1. Study specimens
Prostate tissue specimens were obtained from archived, paraffin-embedded blocks of radical prostatectomy specimens. The expression of AR in paired specimens of benign prostate and prostate cancer from 20 African and 20 Caucasian Americans was compared to demonstrate an application of this system. Clinical data from these specimens was obtained from prospectively maintained clinical databases.
2. Immunohistochemistry
Immunohistochemistry allows for in situ protein localization and computer assisted image analysis of AR while preserving tissue architecture.
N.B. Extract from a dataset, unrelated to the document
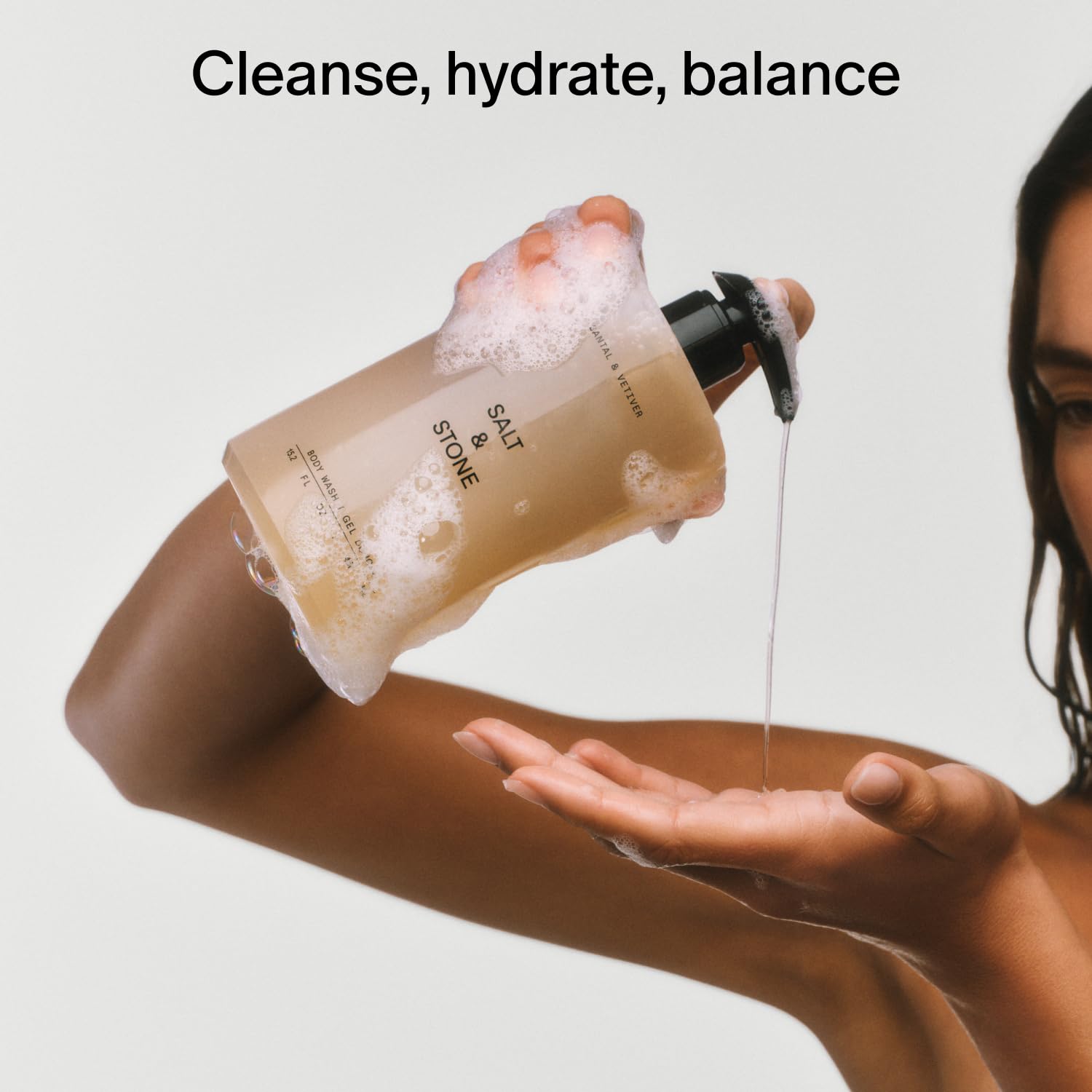 Salt & Stone Body Wash with Antioxidants for Deep Moisture | For Women & Men, Sulfate, Paraben, & Dye Free, Leaving Skin Soft and Hydrated | Black Rose & Oud Refill 32 fl oz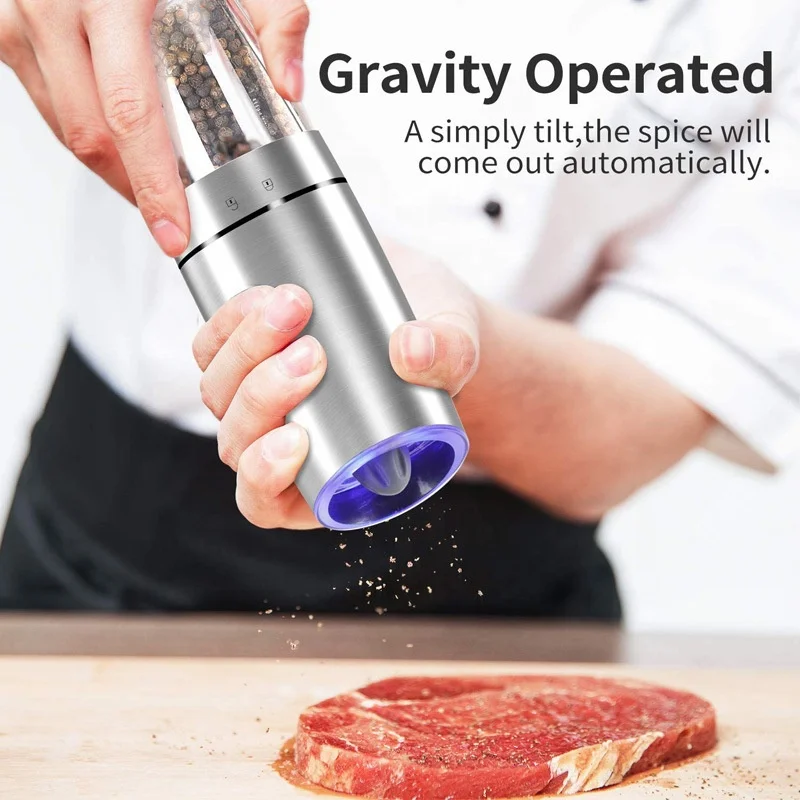 One Hand Operation Stainless Steel Spice Mill Automatic Gravity Induction Electric Salt And Pepper Grinder With Blue Led Light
Polyclonal or monoclonal antibodies target specific epitopes located within cellular structures to visualize epitopes of interest. Archival paraffin-embedded prostate specimens were cut into 6 μ m sections and placed on ProbeOn Plus™ microscope slides (Fisher Scientific, Pittsburg, PA). After deparaffination and rehydration through graded alcohols (100%, 95%, 70%), tissue sections were subjected to antigen retrieval in Reveal Citra buffer (Biocare Medical, Walnut Creek, CA) using a pressurized antigen-decloaking chamber for 2 minutes at 120°C and 21 PSI. The sections were cooled to room temperature and blocked for non-specific staining with 2% normal horse serum for 15 minutes at 37°C. Endogenous peroxidase was blocked using 3% hydrogen peroxide diluted in methanol and endogenous biotin was blocked using an Avidin Biotin kit (Vector, Burlingham, CA). Sections were incubated using a capillary gap method with monoclonal antihuman AR antibody F39.4.1 (Biogenex, San Ramon, CA) diluted in Primary Antibody Diluting Buffer (Biomeda Corp., Foster City, CA) at 1:500 for 1 hour at 37°C in a humidified heating block. Sections were incubated with biotinylated anti-mouse IgG (Vector) 1:200 for 30 minutes at 37°C. The signal was then amplified using avidin-biotin complex (ABC) Vector and visualized using 3,3'-diaminobenzidine (DAB) (Vector). Counterstaining was performed using hematoxylin (Fisher Scientific) for 15 seconds (diluted 1:3 in H2O). Slides were dehydrated through graded alcohol and mounted using Permount (Fisher Scientific). Benign and malignant tissues were immunostained in a single batch.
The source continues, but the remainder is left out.